START Source data

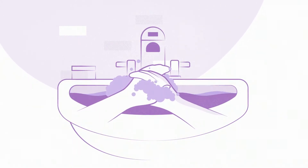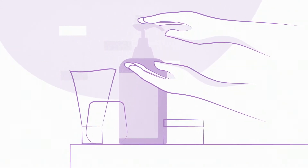Start by washing your hands thoroughly. You can also use hand sanitizer or wet wipes if you don't have access to running water.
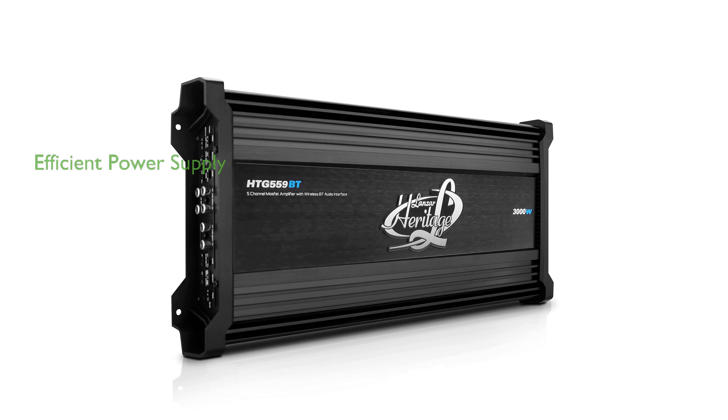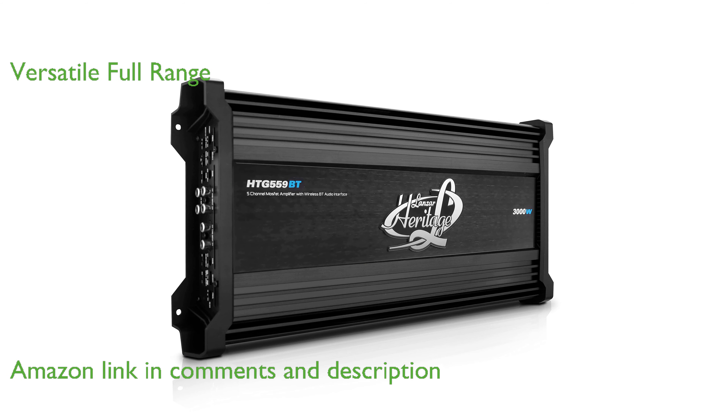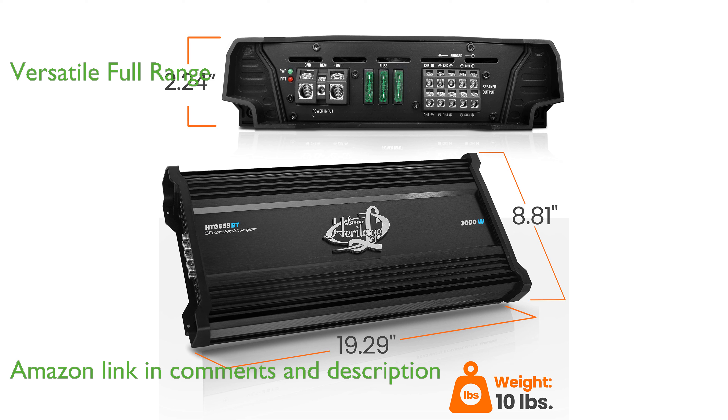The Lanzar 5-channel MOSFET amplifier is renowned for its efficient power supply, ensuring precise control of output voltage and current. This amplifier's full-range capability makes it versatile, allowing it to power both speakers and subwoofers effectively.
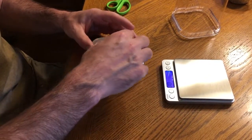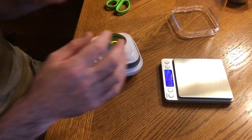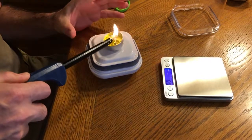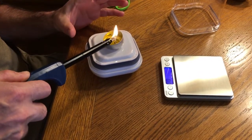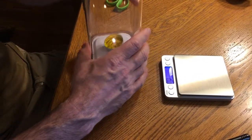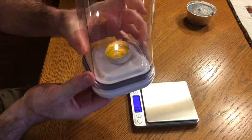And then place that there. Then I'll light this. And then to seal it, you put it on top. To close the back side, you have to get your hand underneath and push the button.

END Source data

# About this task
Take the listing above and restate it word for word, without its pictures.

# Answer box
Start by washing your hands thoroughly. You can also use hand sanitizer or wet wipes if you don't have access to running water.
The Lanzar 5-channel MOSFET amplifier is renowned for its efficient power supply, ensuring precise control of output voltage and current. This amplifier's full-range capability makes it versatile, allowing it to power both speakers and subwoofers effectively.
And then place that there. Then I'll light this. And then to seal it, you put it on top. To close the back side, you have to get your hand underneath and push the button.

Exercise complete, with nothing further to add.